● **What is being asked**: Could the lines from the line bearing "Teacher dancer performing" to the end of the records below be copied exactly, with the pictures left out and no other lines added?

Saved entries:

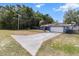 Long driveway leading to a well-kept single-story home with mature trees at 3112 Se 140Th Ln, Summerfield, FL 34491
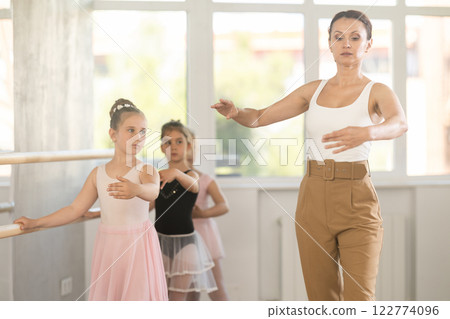 Teacher dancer performing pirouette in front of class 122774096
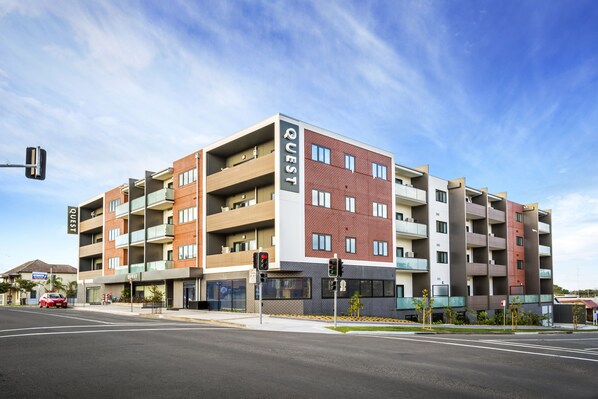 A multi-story hotel with a modern design, featuring balconies and a prominent "QUEST" sign. - Quest Nowra (Nowra)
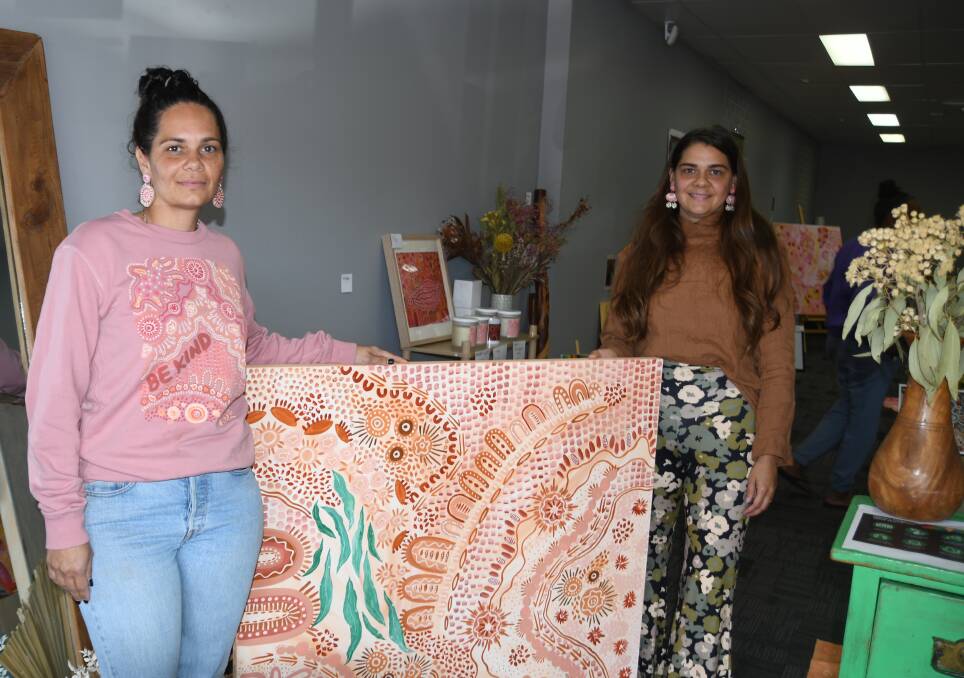 Jaunita Doyle and Cheryl Perez with one of the art works in the pop up shop.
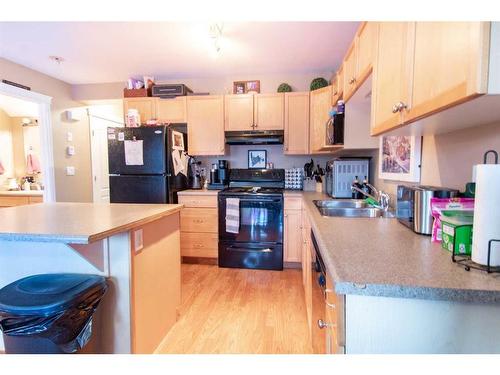 10229 70 Avenue, Grande Prairie, AB - Indoor Photo Showing Kitchen With Double Sink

● **Response to the task**:
 Teacher dancer performing pirouette in front of class 122774096
 A multi-story hotel with a modern design, featuring balconies and a prominent "QUEST" sign. - Quest Nowra (Nowra)
 Jaunita Doyle and Cheryl Perez with one of the art works in the pop up shop.
 10229 70 Avenue, Grande Prairie, AB - Indoor Photo Showing Kitchen With Double Sink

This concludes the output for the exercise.